I have seen "Open aperture transmission" setups. It seems to me that then you need to record to object(image) close to hologram film. I would like to get good viewing zone as well.

One step transmission holography with lens

Posted: Thu Sep 30, 2010 2:37 pm
by BobH
Holox wrote: I have seen "Open aperture transmission" setups. It seems to me that then you need to record to object(image) close to hologram film. I would like to get good viewing zone as well.
Not necessarily. Good viewing zone, object far from plate, single step transmission hologram; looks like you're in for a VERY expensive hobby! Sell the Ferrari. Or consider a computer assisted system like those used by Zebra Imaging, Geola or RabbitHoles.

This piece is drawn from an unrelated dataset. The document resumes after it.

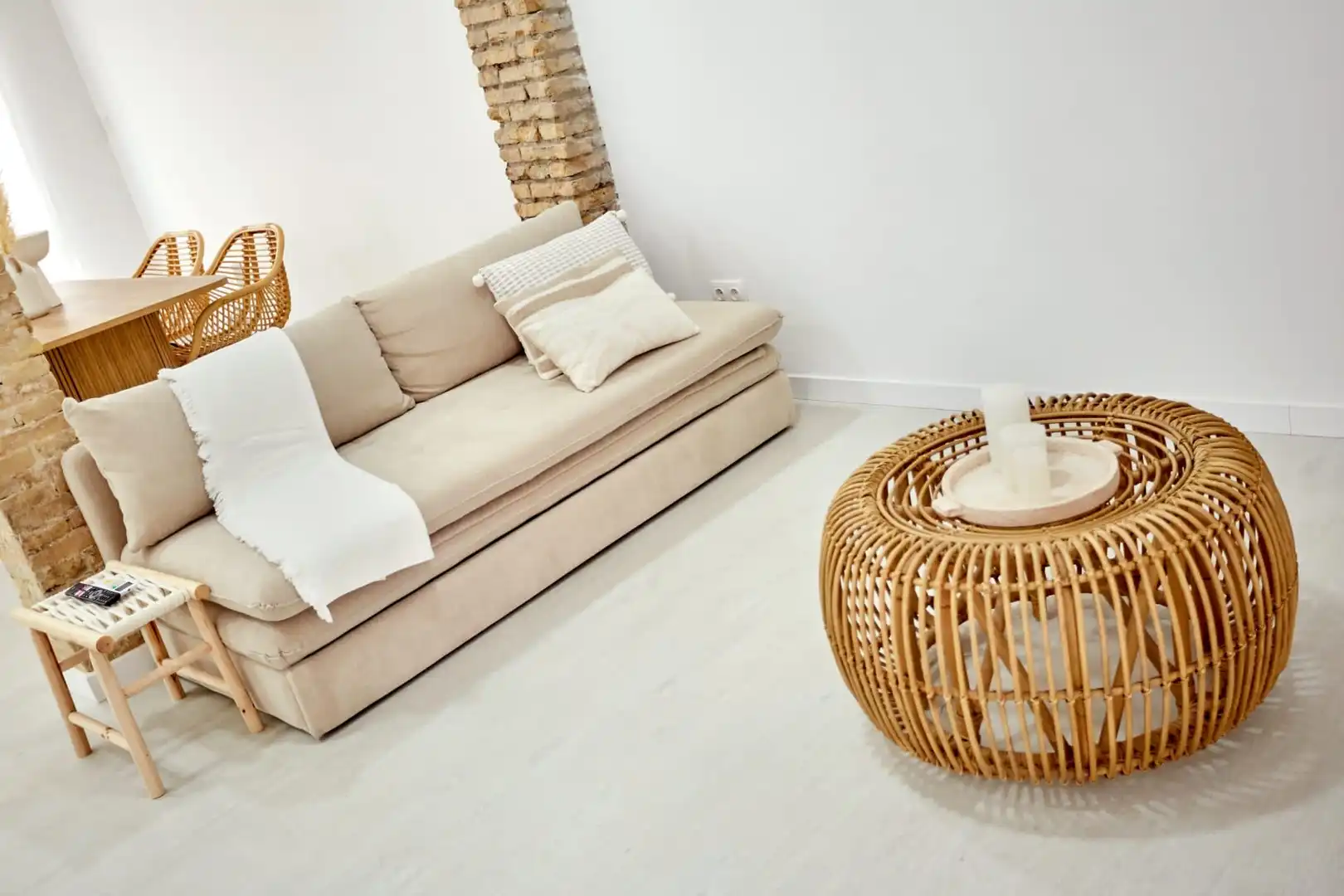Sala d'estar de Apartament de lloguer en Valencia amb Calefacció i Moblat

One step transmission holography with lens

Posted: Fri Oct 01, 2010 12:53 am
by Colin Kaminski
Couldn't you do this with a 30" spherical mirror and very few other optics? Woops, I forgot about the large field of view. So a 1.5 meter spherical mirror? :drool:

One step transmission holography with lens

Posted: Tue Oct 19, 2010 11:39 am
by JohnFP
If your eyes are close to the plate then you will also have a large viewing zone. And for transmission this works out fine as you can get close to look in the hologram and are not obstructing the reconstruction light. My favorite thing to do with any transmission hologram is to illuminate it with the laser and get as close as I can to look "in" the window as you can see every single detail, not only on the object(s) being hologram but any reflections or holograms of mounts, bases, tables blockers, etc. Just insure you dont get to close with relation to the reconstruction light and its angle as to blind yourself.